6. Enter your information into your A/B testing software

Once you have determined and set up the above items, plug all of your information into your A/B testing software and set the test to run. Most software should do the work of evenly and randomly dividing your test audience into groups A and B for you, so you shouldn’t have to worry about this part of the testing process.

7. Let the test run long enough to produce meaningful results

The amount of time your test should run can vary by type of variable, your usual site traffic, and other factors. For instance, SEO updates take longer to populate and may take a few months of testing to relay significant results, whereas a high-traffic site that is testing the placement of a CTA button will likely need a much shorter amount of time to determine which variation works better. Think about your users and their experience on the site to determine the proper amount of time to let your test run.

After Running Your A/B Test

After your test has concluded, there are a few additional steps you should take to ensure you are getting the most out of the process:

8. Analyze the results of your test

Of course, once a test is concluded you should look at the results. Most testing tools will very clearly spell out which variation was the more successful of the two, but you should also look at any more granular data provided to give yourself a clearer picture. If the results were surprising to you, consider what may have caused them to turn out this way. Perhaps you assumed a more clean design would appeal to your customers, but they actually went for a variation with more abundant, striking imagery. Do your products simply require more visual representation to be enticing? Does having more imagery make your business seem more trustworthy?

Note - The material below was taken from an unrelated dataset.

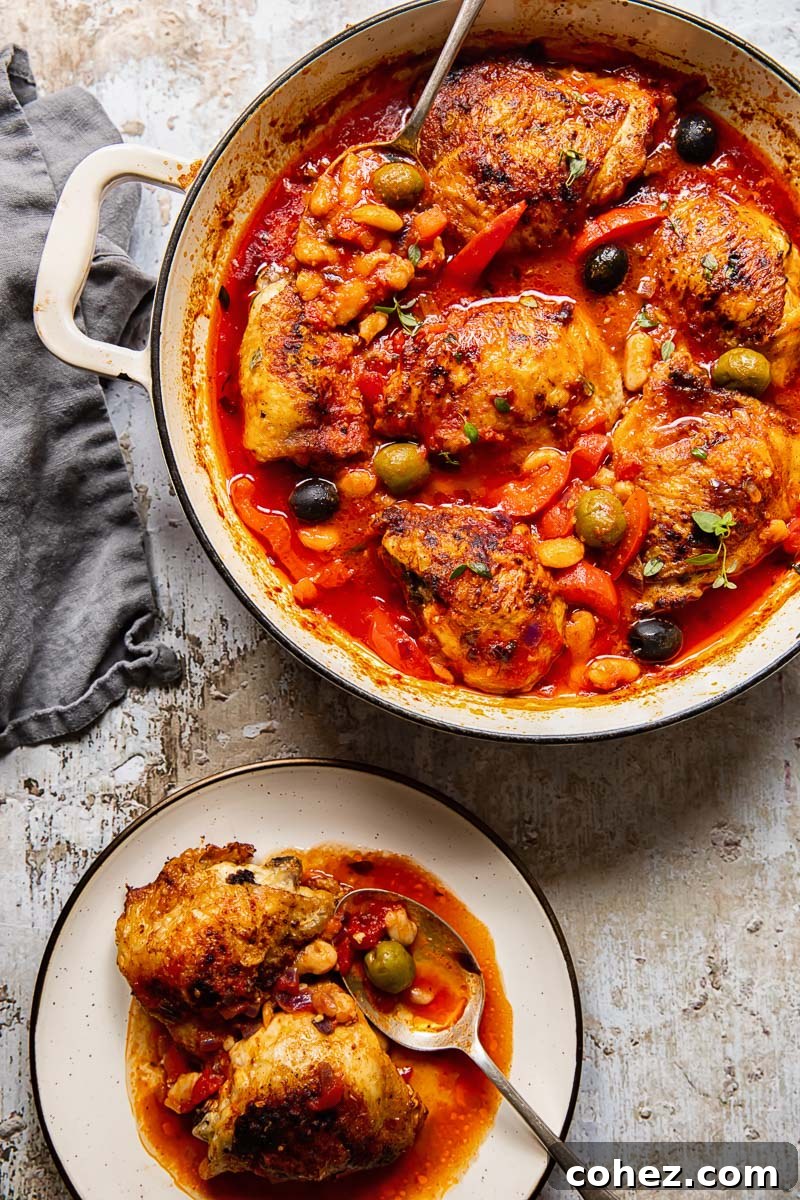 Served Spanish chicken thighs with red peppers and olives in a tomato sauce, with a side of beans and a spoon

9. Pay attention to statistical significance

When conducting A/B testing, there is a risk of random chance influencing the outcome. However, today’s testing platforms automatically account for this variance using statistical calculations that factor in relevant data, such as the number of site visitors included in your experiment (sample size) and differences in conversion rates between your test groups. When looking at the statistical significance, the output is typically:

  • A percentage that more or less represents how solid the findings are; 90% or more is pretty solid, while less than 90% is not.
  • A range of conversion rates known as the “confidence interval.” This represents the range in conversion rates that you might observe long-term or in repeated sampling of your site visitors. It indicates that 95 out of 100 similar samples will fall within this range.

10. Decide what action(s) to take

Now that your test is complete and you have looked through the results with a critical eye, you can decide which action to take next. If you’ve got a clear winner, update your site to reflect the improved experience and enjoy the added dollars your site will make as a result. If your test results were very close for both variations, consider whether the work to implement a change is really needed, or whether you need to re-analyze your variables and run another test.

In Conclusion

While A/B testing may seem like a complicated process at first glance, it’s not too difficult to get started—once you’ve set up the groundwork, most A/B testing platforms manage the logistics behind running a successful test for you. With a clearer understanding of how to approach A/B testing, you can run tests that provide you with meaningful and actionable results.